The same goes for Wood's menu. The opening snacks veer towards high falutin' and good times. Wallaby pies, all sweet meat packed inside a short, curried crust, get excellent zing from bread and butter pickles. Ricotta-polenta croquettes conceal surprise pickled-fennel sparkle beneath a snow drift of caprinella – a mild Main Ridge goat's cheese.
The beetroot pancake, prettily gussied with trout roe and lemon curd, makes for excellent Instagram, but tastiness-wise I'd double down instead on raw tuna cigars given roasty tones from a nori blanket.
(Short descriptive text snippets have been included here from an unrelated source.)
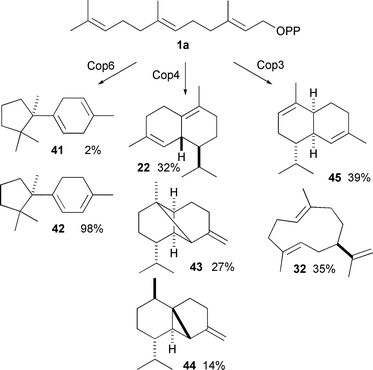 The major products generated by sesquiterpene synthases Cop3 and Cop6 from Coprinus cinereus.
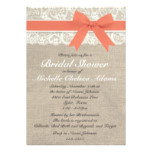 Coral Lace Burlap Bridal Shower Invitation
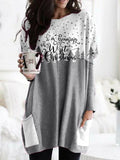 Christmas Letter Print Patchwork Long Sleeves Casual Sweatshirt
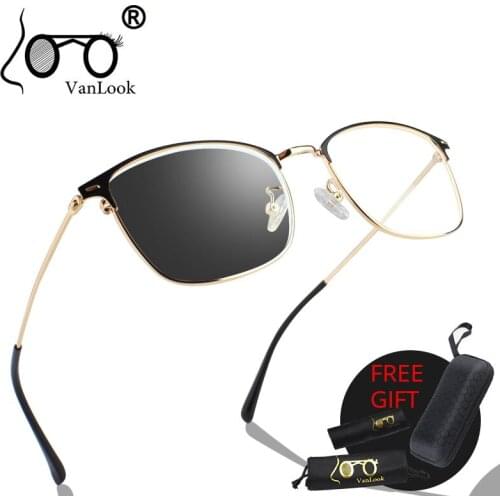 Photochromic Sunglasses Clear Blue Light Blocking Chameleon Lens Computer Glasses Anti Radiation Eyestrain Blue Ray UV400 Men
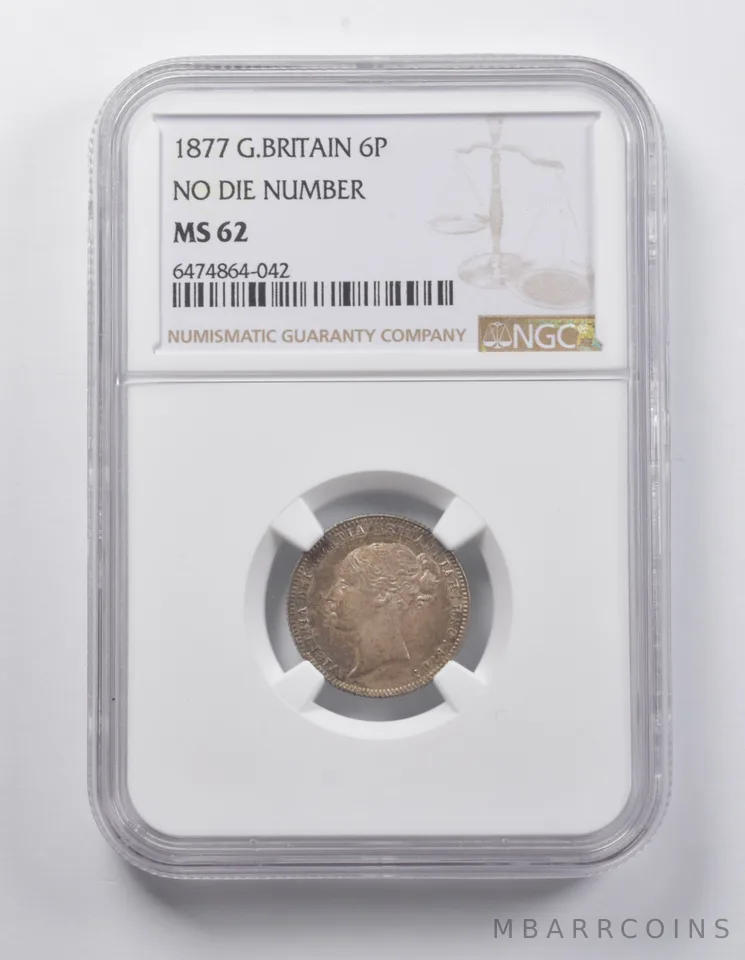MS62 1877 Great Britain 6 Pence No Die Number NGC *7015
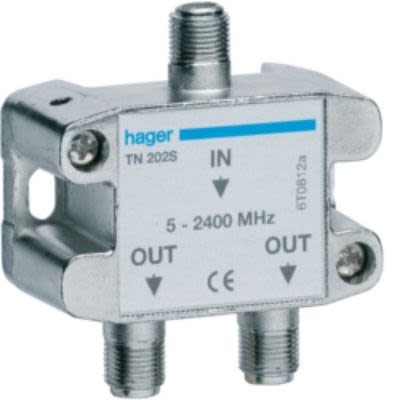 Hager Coaxial RF Splitter 1 Plug to 2 Sockets, Frequency 5 → 2400MHz [TN202S]; 252-0204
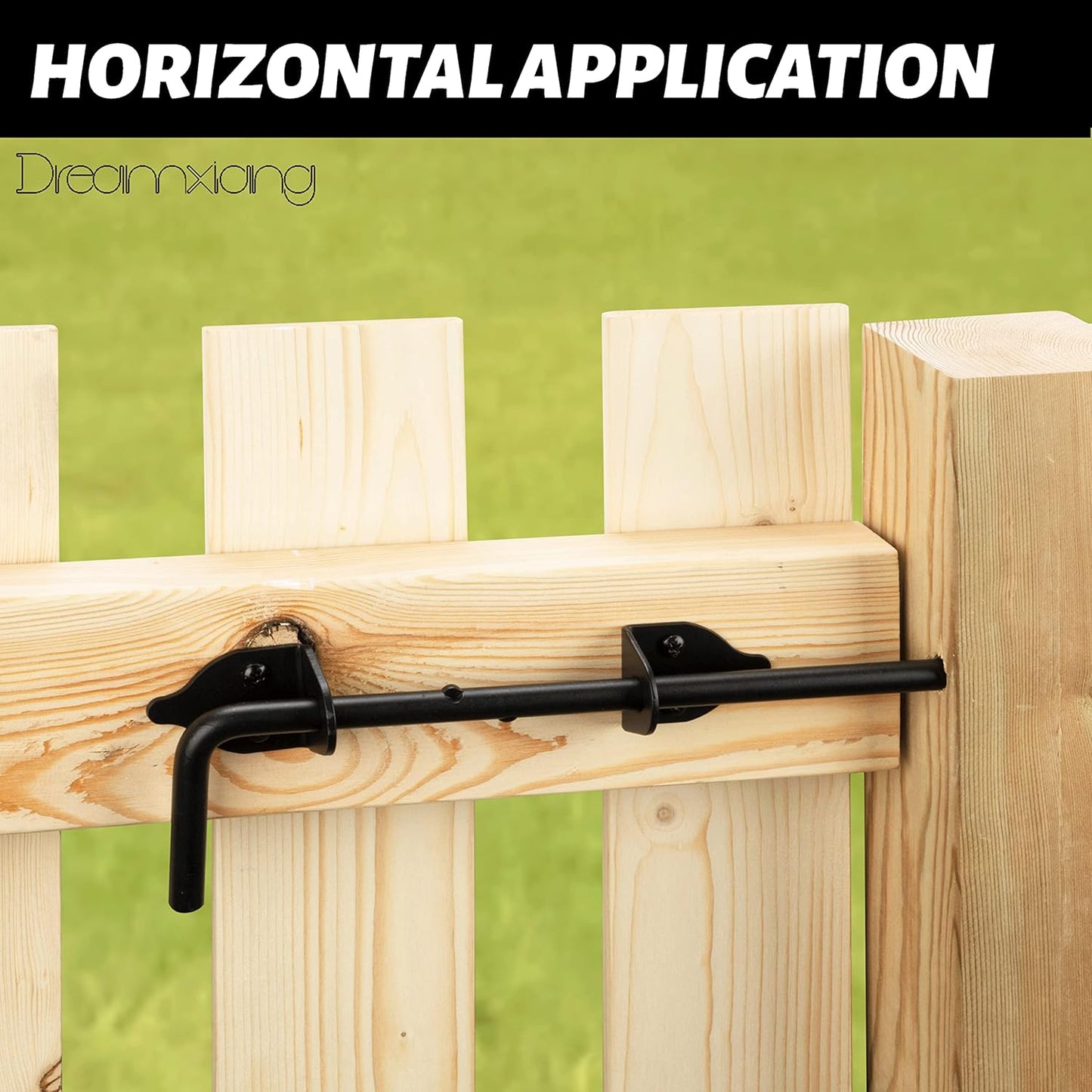 12" Heavy Duty Cane Bolt Gate Drop Rod Hardware Ground Latch for Wood PVC Vinyl Metal Fences Gates, Double Doors, Black Solid Steel -2 Pack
Where once Wood plundered Chinatown for inspiration he's driven now by Mornington producers, a wood-fired oven and ocean vistas. It isn't Eleven Bridge on the beach (Wood's bigger moves will be held for the fine diner, opening January). But there's still plenty of bicep being flexed.
The carrot souffle looks pretty showboaty, but the vegetal vibrancy of the moussey dome, licked with a buttery carrot and ginger reduction and royal blue scampi roe is dead on. It's testament to Wood's instincts with seemingly rogue combinations. See also the sweet-umamiful pitch of a sauce containing macadamias, grapes, ginger and flaked nori coating roasted Clarence River prawns.
The prawns are a rare anomaly in a menu with a big 100-clicks thing going on. Note the almost exclusively Victorian wine list that might see you start with nutty cuvee from Hanging Rock, fun from Jamsheed and a bright dolcetto from the team at Best's. Wood's also forging the necessary relationships to push fish, despite the Port Phillip fishing ban. He's found snapper from Bellarine and flathead from Lakes Entrance, which he tans and dresses with another rich macadamia-and-seaweed sauce as a main.
There's also plenty to recommend about the slightly smoky grilled rib-eye with sparkling salsa verde and a round of buttered kipflers. Ditto a bright and breezy union of dehydrated and fresh strawberries with a vanilla anglaise, wearing crisp meringue like a hat. See also the friendly service team happily slinging Mornington pale ales even faced with some slap-faced daytrippers, the dining world's greatest frenemy.
But really it's the full package that's the winner. The Mornington Peninsula just became one big when, not if, proposition.